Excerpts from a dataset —
* * * *
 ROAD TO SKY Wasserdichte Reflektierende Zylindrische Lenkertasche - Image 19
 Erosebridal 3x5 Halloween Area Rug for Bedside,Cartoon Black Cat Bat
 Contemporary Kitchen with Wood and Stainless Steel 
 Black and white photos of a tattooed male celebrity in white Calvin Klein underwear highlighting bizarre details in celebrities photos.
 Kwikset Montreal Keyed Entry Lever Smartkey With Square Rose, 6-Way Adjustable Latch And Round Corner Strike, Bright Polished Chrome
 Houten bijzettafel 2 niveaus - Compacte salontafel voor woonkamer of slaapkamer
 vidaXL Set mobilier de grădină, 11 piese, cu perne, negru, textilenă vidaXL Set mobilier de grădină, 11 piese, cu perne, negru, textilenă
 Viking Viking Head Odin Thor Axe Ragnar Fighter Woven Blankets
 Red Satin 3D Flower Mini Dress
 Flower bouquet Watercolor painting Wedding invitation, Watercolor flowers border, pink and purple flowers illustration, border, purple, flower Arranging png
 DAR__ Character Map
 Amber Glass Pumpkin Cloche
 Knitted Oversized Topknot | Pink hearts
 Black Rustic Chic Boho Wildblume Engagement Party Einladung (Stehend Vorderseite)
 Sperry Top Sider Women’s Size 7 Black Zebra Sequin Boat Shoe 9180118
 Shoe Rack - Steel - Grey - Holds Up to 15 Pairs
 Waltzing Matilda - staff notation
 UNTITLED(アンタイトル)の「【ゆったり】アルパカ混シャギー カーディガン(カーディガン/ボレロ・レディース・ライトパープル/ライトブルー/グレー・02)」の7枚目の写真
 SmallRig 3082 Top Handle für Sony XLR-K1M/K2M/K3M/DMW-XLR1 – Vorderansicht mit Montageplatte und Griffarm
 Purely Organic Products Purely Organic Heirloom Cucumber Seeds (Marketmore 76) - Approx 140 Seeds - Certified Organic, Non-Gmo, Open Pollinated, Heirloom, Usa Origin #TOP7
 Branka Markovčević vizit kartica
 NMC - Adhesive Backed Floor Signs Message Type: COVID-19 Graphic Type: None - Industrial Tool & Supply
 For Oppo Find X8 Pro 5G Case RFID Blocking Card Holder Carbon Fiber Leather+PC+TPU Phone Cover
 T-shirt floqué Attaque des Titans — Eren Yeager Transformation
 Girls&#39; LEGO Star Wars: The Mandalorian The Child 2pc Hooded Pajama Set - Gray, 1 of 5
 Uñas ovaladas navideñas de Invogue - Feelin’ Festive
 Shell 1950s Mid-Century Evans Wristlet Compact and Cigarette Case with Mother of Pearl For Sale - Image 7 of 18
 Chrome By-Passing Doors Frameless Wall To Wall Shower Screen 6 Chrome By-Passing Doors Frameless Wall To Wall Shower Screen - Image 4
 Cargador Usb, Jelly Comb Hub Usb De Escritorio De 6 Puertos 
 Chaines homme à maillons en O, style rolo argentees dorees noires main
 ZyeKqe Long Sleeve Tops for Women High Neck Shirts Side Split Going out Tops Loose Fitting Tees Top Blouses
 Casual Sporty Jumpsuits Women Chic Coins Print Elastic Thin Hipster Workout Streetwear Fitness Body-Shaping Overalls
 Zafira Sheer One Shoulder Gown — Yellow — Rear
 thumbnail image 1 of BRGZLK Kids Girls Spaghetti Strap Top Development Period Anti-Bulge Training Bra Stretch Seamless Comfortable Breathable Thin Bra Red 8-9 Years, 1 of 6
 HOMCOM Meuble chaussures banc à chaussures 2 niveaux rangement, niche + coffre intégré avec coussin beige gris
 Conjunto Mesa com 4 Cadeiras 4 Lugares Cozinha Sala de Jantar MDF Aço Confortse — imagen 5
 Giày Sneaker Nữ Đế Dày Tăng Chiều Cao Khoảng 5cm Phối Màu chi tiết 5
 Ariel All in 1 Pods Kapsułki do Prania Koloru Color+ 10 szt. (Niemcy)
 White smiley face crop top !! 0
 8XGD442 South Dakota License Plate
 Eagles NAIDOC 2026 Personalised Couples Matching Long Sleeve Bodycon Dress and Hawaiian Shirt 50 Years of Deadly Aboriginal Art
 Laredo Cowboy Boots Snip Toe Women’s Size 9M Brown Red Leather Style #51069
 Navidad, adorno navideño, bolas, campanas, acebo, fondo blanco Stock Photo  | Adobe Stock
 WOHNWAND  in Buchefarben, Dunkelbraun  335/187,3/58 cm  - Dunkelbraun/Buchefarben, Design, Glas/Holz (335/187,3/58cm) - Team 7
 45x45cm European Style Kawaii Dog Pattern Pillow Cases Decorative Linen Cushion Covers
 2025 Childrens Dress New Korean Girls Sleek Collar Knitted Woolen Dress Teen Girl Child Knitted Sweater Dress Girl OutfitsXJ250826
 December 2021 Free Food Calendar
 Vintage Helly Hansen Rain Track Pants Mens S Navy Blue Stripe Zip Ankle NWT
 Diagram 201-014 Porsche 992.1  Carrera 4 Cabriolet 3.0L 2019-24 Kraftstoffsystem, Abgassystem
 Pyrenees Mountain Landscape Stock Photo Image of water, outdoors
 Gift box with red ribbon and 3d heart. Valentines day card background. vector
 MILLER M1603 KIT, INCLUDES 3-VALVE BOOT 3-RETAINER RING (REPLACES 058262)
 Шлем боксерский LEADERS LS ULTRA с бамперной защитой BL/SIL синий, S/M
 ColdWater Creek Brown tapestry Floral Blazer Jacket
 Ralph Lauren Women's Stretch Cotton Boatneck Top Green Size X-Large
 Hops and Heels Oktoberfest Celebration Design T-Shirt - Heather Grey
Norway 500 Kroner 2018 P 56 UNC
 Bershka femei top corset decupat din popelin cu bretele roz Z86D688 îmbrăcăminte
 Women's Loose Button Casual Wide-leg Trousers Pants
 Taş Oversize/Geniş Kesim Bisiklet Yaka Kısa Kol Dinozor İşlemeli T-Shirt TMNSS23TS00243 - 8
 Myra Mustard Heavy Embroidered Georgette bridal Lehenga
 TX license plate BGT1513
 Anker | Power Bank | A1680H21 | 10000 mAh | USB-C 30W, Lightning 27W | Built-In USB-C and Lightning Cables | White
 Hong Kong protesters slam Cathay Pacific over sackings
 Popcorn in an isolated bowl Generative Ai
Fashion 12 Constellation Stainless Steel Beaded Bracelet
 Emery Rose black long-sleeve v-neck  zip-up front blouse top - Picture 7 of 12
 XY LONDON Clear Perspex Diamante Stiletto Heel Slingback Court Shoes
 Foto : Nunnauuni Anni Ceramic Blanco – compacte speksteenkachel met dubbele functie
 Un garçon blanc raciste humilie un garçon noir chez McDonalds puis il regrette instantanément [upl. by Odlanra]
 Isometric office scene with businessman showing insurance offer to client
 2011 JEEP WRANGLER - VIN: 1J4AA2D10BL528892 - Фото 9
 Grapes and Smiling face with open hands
* * * *
EXERCISE INSTRUCTIONS — Which of the lines above mention the word "Thin"? Pull those lines out.

RESPONSE TO THIS EXERCISE —
 Casual Sporty Jumpsuits Women Chic Coins Print Elastic Thin Hipster Workout Streetwear Fitness Body-Shaping Overalls
 thumbnail image 1 of BRGZLK Kids Girls Spaghetti Strap Top Development Period Anti-Bulge Training Bra Stretch Seamless Comfortable Breathable Thin Bra Red 8-9 Years, 1 of 6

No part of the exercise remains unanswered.